Da der Haftungsfall durch eine Fehlbedienung von der Betriebsstätte B verursacht wurde, sind die entsprechenden Kosten (z.B. Schadensersatz gegenüber dem fremden Dritten oder Ersatzbeschaffung gegenüber dem übrigen Unternehmen) der Betriebsstätte B zuzuordnen. Gleichwohl wäre dieser Fall u.E. anders zu lösen, wenn die von der Betriebsstätte in Staat B ausgeübten Funktionen lediglich einen Routinecharakter haben. Als Routinefunktionen werden beispielhaft die Erbringung konzerninterner, marktgängiger Dienstleistungen und einfache Vertriebsfunktionen benannt. Routineunternehmen erzielen regelmäßig keine Verluste, sondern geringe, aber relativ stabile Gewinne. Als Routineunternehmen kommen damit z.B. der Lohnfertiger oder der sog. Low-Risk-Distributor in Betracht (Anm. 224).[5] Unter diesen Voraussetzungen würde die Geschäftsleitungsbetriebsstätte die Maschine an die Betriebsstätte in Staat B lediglich unentgeltlich beistellen. Infolgedessen sollten auch die mit dem Haftungsfall verbundenen Kosten nicht der Betriebsstätte in Staat B, sondern der Geschäftsleitungsbetriebsstätte in Staat A zugeordnet werden. Etwas anderes würde im Übrigen auch dann gelten, wenn der Haftungsfall z.B. auf einem Materialfehler der von der Geschäftsleitungsbetriebsstätte des Unternehmens X zur Nutzung überlassenen Maschine beruht. In diesem Fall wurde der Haftungsfall nicht von der Betriebsstätte verursacht, so dass die damit verbundenen Kosten der Geschäftsleitungsbetriebsstätte des Unternehmens X zuzuordnen sind.

[Autor/Stand] Autor: Leonhardt/Tcherveniachki, Stand: 01.10.2017
[2] Vgl. BMF v. 22.12.2016 – IV B 5 - S 1341/12/10001-03 – DOK 2016/1066571 – VWG BsGa, BStBl. I 2017, 182, Tz. 2.10.2, Rz. 118, vgl. Anhang 2 Verwaltungsanweisungen S. V 447 ff.
[3] Vgl. OECD, Report on the Attribution of Profits to Permanent Establishments v. 22.7.2010, abrufbar unter http://www.oecd.org/ctp/transfer-pricing/45689524.pdf, Teil I, Rz. 22 u.

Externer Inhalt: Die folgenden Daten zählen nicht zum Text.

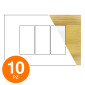 MAPAM Placca Tecnopolimero Spazzolato JOY 3P Oro - Confezione 10pz - mod. JOY-P5003SP-OR - Compatibile con BTicino MATIX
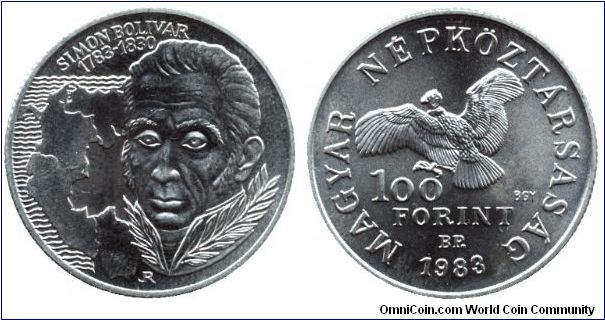 Hungary, 100 forint, 1983, Cu-Ni-Zn, 200th anniversary of the birth of Simon Bolivar, South-American Liberty Hero, 1783-1830, Condor, People's Republic of Hungary.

Rz. 68.
[4] Vgl. BMF v. 22.12.2016 – IV B 5 - S 1341/12/10001-03 – DOK 2016/1066571 – VWG BsGa, BStBl. I 2017, 182, Tz. 2.10.2, Rz. 118, vgl. Anhang 2 Verwaltungsanweisungen S. V 447 ff.
[5] Vgl. BMF v. 12.4.2005 – IV B 4 - S 1341 - 1/05, BStBl. I 2005, 570, Tz. 3.4.10.2 Buchst. a, vgl. Anhang 2 Verwaltungsanweisungen S. V 129.